天野千砂
千砂side
荷物を片付けて少し一息ついてると…
「千砂話があるの」
「あっはーい今行きます」
一階のリビングに行くとお母さん達がいた。
しかも真剣な表情で…お父さんとお母さんは椅子に座っていて私も腰を掛けた。
するとお父さんが…
「千砂よく聞いて実は…」
「! そんな…」
突然お父さんの口から言われたこと…私は家を出た。ショックで何も持たずがむしゃらに宛もなく走った。
雨も降ってきた少しずつ濡れていくこの体。
そして辿り着いたのは…展望台
展望台
「濡れちゃいましたね」
お父さんに言われた言葉が頭の中で木霊する。
“千砂はお母さんとお父さんの子じゃないんだ。
千砂の本当のお父さんとお母さんはお父さんの妹夫婦の子だ。
本当のお父さん達は千砂が生まれて二ヶ月で交通事故に巻き込まれ死んだ。
千砂の旧姓は天野
お父さん達の子になってから姫木になったんだ。”
そう言われショックで家を出た。嘘だと信じたかった…だけど…!
そのことを思い出してずっと展望台のベンチで泣いている私。
「大雨って部活帰りに…ったくもうってあれ?」
「あっ…えっと…」
展望台に入ってきたのは私より少し背が低い男の子でエナメルの鞄を持っている。

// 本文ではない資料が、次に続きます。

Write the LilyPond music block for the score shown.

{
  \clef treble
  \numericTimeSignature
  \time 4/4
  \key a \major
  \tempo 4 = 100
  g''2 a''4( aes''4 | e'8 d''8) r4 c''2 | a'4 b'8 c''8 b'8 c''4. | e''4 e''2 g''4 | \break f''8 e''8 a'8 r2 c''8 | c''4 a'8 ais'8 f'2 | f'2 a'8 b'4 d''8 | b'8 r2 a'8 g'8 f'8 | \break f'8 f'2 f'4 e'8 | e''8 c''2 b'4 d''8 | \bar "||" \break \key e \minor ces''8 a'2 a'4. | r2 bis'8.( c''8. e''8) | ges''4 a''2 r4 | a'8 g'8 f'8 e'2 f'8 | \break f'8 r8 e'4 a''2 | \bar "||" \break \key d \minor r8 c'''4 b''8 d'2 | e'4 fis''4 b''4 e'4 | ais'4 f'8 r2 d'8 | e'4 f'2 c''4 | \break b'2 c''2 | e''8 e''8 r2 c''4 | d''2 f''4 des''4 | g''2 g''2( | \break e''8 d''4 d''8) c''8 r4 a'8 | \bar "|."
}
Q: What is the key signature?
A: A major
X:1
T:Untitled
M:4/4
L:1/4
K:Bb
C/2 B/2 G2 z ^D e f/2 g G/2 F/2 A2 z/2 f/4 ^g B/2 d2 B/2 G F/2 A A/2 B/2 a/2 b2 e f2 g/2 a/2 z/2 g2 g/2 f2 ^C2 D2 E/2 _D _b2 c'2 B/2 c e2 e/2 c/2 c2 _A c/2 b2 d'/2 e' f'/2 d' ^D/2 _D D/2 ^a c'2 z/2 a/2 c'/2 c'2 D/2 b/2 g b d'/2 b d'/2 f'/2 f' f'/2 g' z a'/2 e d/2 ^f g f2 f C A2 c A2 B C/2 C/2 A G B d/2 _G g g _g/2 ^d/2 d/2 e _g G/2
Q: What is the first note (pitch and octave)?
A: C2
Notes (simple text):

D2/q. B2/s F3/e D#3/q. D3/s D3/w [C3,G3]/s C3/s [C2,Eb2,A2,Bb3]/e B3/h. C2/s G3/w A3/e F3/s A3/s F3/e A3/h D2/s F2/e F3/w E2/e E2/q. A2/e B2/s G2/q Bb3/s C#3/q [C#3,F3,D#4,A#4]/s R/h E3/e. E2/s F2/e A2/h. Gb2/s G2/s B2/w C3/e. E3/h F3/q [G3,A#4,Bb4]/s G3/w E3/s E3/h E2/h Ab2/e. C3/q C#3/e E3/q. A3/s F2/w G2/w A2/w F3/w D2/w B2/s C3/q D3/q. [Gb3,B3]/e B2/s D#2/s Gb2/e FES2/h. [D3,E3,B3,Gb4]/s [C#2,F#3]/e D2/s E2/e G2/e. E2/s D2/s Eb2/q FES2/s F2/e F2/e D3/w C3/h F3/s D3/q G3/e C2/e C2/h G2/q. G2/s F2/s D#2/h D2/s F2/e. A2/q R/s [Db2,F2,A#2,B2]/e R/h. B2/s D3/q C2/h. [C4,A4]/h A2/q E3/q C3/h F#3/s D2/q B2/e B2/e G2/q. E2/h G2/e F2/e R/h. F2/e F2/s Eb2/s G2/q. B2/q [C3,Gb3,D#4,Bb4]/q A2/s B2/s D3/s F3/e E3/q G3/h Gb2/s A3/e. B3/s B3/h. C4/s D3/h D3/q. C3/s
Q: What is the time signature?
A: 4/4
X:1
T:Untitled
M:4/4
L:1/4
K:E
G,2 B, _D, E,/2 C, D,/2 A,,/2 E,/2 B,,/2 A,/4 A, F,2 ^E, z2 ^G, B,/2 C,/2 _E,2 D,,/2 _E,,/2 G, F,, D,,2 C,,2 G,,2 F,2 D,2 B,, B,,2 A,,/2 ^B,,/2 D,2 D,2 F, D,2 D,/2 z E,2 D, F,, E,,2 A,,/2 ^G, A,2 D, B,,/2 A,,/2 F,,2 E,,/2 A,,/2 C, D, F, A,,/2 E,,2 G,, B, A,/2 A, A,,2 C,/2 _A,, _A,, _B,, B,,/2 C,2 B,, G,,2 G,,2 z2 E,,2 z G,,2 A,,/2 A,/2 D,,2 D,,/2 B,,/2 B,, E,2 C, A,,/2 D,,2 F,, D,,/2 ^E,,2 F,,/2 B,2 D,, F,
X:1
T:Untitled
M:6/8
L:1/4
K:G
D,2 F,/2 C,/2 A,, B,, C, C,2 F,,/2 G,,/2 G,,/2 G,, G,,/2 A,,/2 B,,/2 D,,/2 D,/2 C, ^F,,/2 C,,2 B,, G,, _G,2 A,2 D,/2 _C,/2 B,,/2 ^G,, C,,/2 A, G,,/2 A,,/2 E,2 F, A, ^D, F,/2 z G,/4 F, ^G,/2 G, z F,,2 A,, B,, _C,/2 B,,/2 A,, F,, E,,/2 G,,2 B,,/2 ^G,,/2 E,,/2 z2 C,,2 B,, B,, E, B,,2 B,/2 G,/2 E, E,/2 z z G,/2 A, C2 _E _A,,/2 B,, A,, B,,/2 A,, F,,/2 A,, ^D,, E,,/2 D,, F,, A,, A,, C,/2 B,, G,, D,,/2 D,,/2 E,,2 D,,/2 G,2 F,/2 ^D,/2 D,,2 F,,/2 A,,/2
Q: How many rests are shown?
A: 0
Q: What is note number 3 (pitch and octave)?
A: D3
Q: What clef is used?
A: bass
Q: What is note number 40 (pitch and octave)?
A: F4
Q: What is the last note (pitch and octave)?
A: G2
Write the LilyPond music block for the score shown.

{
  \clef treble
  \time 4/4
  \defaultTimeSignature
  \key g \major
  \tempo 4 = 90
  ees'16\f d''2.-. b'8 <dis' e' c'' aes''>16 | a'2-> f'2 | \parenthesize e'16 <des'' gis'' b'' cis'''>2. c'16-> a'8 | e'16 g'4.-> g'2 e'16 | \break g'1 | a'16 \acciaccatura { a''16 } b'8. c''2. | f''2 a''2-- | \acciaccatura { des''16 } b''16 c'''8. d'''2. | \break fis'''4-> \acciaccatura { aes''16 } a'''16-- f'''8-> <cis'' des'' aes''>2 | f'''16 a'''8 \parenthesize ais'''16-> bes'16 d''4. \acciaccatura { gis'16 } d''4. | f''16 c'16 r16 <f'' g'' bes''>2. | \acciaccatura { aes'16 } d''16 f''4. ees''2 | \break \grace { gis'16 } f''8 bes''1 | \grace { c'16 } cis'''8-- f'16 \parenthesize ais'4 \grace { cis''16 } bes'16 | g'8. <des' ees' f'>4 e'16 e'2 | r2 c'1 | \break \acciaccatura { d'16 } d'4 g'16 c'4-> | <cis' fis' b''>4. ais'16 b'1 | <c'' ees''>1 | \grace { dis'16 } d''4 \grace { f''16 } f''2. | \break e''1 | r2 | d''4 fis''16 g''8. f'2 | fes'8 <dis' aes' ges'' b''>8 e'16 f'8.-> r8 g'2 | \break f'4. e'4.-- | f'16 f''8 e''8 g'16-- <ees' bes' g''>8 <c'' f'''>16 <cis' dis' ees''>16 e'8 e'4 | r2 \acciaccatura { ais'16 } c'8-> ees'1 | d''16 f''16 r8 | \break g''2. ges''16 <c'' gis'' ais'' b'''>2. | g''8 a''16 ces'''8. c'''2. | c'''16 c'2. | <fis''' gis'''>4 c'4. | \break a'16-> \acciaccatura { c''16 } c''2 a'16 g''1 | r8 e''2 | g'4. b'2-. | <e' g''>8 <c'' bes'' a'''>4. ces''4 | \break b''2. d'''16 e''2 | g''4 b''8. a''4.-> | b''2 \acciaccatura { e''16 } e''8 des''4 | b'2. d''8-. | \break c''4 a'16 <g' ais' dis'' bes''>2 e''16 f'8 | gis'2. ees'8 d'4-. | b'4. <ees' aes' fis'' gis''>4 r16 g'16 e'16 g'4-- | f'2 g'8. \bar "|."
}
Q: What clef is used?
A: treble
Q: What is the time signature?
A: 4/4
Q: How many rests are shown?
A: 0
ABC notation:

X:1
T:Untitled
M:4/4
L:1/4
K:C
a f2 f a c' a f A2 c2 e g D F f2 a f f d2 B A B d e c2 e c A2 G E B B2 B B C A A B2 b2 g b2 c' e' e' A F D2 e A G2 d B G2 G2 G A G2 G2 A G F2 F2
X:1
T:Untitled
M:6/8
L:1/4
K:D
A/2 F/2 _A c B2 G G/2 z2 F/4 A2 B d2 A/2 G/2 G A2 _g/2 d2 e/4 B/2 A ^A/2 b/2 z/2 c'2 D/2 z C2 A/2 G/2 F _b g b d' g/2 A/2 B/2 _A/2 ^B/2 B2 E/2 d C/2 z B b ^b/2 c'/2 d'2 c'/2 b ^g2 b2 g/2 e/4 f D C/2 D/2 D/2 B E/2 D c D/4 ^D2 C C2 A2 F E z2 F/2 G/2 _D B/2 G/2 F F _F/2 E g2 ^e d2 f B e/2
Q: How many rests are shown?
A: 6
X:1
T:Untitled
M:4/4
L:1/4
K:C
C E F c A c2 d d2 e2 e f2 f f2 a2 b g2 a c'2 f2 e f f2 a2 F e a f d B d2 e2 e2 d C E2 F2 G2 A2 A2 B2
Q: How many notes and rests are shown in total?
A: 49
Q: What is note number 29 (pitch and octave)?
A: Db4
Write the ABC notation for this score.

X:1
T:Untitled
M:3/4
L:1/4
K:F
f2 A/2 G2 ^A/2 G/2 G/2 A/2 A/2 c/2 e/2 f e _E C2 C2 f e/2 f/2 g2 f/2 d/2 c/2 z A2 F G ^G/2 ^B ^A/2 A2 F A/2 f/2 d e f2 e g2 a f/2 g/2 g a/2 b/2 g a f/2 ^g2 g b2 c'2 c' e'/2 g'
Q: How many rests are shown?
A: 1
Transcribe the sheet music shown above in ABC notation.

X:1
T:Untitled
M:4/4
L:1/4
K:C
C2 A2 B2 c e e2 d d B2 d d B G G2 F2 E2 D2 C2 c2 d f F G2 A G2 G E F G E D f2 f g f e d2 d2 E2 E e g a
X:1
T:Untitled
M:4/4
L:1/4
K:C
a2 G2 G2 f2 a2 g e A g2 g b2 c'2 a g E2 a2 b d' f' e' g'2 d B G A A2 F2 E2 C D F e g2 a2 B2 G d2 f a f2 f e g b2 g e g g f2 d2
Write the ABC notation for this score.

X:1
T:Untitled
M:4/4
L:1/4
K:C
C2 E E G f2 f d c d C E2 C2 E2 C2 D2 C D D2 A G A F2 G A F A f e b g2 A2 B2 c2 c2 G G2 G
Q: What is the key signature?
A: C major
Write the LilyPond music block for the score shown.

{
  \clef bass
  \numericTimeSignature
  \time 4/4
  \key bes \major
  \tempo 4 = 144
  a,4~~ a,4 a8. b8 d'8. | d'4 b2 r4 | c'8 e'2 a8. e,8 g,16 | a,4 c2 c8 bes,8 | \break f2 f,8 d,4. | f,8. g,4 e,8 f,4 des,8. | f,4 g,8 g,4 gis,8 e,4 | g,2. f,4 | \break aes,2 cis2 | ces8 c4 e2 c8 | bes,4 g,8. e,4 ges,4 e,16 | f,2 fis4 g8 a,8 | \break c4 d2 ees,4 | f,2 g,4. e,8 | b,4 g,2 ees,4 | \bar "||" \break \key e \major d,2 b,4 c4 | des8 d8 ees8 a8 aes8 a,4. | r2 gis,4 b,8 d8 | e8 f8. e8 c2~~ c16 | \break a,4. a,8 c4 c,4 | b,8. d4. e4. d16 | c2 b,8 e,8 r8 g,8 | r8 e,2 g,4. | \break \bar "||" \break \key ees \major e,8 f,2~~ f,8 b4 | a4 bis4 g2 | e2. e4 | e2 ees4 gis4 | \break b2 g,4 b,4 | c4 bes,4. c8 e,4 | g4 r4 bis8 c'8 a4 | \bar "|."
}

ローマ字で“ASAHI”と書いてある。うちの学校の子か…
「あっすみません…濡れてますけどこれ良かったら…まだ使ってないですし…」
その子から渡されたのはタオル
「ありがとう」
今できる精一杯の笑顔を返した。すると…
「あの…泣いてました?」
「え…」
「すみません馴れ馴れしくて…目が赤かったのでそうなのかなって…でももしそうなら俺でよければ話聞きますよ」
そう言われた時涙が出た。
さっきお父さん達に言われたことを一通り話した。
「大丈夫ですよ姫木先輩」
「どうして私の…」
「俺のクラスでも超可愛いって有名ですよ。先輩、名字がそんなに大切ですか?
それで先輩が変わっちゃうんですか?
本当の娘じゃないのに育ててくれたのは誰ですか?」
「お父さんとお母さんです」
「愛してくれてるから育ててくれるんですよ」
「!」
この子に言われて気づいたこと…そうだ私、名字が変わっても私は変わらない。
「きっと今もどこかで先輩のこと探してます」
「私、帰らないと…」
「はい。」
「タオル洗って返します!じゃあ!」
走って走って家に帰った。
*******
家
「お父さんお母さん!」
お母さんの腕の中に飛び込む。
「千砂!」
「ごめんなさい…ごめんなさい…!」
「謝らないで千砂…」
「でも…でも…!」
お母さんは濡れたままの私の体を抱き締めた。